In many cases, groups that are owed money agree to the new terms. If they don't, or if the firm cannot figure out how to make the payments, the bankruptcy judge can have the firm liquidated—or sold off in parts. The Obama administration used the soft power of threats effectively, making most investors and lenders accept relatively poor levels of compensation. They did this to allow many more resources to be directed to United Auto Workers pensions. This had the dual benefit of preventing the Pension Guarantee Trust (aka taxpayer) from picking up the pieces and benefiting a key political ally (the UAW).
To get this agreement, the administration busily demonized "investors" whom it thought should be more willing to part with their money. The president even went so far as to say, "... are the bondholders, the lenders, the money people, are they willing to make sacrifices ... ?" Investors often are easy to demonize. No doubt their representatives wear expensive suits and know how to order 10 types of coffee at Starbucks. Indeed, about 70 percent in this case are groups already receiving bailout funds.
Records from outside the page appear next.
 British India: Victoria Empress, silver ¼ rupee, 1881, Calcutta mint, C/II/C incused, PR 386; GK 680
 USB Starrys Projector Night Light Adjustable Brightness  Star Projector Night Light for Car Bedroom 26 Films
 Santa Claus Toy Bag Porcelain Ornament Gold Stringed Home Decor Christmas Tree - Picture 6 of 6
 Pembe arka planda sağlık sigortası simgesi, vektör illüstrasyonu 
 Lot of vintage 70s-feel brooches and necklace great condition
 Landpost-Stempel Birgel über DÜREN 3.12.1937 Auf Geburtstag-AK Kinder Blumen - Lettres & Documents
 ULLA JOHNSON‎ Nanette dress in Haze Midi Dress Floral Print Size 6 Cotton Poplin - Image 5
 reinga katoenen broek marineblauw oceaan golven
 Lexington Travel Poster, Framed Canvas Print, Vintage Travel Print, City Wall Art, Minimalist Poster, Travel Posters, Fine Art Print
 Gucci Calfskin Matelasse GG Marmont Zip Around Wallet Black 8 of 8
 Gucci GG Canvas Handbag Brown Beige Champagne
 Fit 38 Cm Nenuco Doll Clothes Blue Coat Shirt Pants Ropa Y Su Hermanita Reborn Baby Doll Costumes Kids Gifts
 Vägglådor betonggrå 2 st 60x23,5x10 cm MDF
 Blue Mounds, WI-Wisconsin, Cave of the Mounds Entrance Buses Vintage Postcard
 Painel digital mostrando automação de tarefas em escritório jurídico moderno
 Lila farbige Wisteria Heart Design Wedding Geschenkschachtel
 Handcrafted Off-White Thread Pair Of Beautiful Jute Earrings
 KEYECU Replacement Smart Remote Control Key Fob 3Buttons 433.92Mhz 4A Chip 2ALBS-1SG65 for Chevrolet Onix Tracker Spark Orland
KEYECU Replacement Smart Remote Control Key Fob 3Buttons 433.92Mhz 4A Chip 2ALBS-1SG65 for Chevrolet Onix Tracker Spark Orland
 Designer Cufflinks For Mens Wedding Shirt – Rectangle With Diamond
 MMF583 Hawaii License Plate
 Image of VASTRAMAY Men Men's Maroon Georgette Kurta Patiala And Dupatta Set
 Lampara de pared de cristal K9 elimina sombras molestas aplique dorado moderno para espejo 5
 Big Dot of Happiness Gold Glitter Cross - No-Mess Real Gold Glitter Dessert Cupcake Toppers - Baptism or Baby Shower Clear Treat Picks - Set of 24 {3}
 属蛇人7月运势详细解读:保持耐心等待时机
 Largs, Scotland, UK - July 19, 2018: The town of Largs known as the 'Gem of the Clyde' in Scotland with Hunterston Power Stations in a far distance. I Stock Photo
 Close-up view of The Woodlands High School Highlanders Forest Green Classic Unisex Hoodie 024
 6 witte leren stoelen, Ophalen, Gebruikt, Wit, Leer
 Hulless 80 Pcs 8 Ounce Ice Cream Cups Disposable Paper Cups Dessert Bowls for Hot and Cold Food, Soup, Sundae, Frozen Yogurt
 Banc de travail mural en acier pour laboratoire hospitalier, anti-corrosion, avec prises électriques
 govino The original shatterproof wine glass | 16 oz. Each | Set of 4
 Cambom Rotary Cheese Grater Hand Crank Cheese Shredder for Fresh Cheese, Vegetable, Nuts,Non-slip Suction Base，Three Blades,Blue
Unfortunately for Chrysler, some of the investors just might not be as easy to characterize as fat cats. In fact, it turns out, many of them are us. It should not be too surprising that, in a country where two-thirds of households own stock, almost one-third of Chrysler's investors are schoolteachers, college administrators, firefighters and police officers. These "vultures" of Wall Street finance have seen the value of their hard work severely hampered by the Chrysler plan.
Here in Indiana, State Treasurer Richard Mourdock has taken the surprising step of honoring his oath of office and challenging the Chrysler arrangement, so far with no luck, on the grounds that it is illegal.
Chrysler has fired back at Indiana, threatening job losses if the case comes to court. Sounds like another good case of the law of unintended consequences.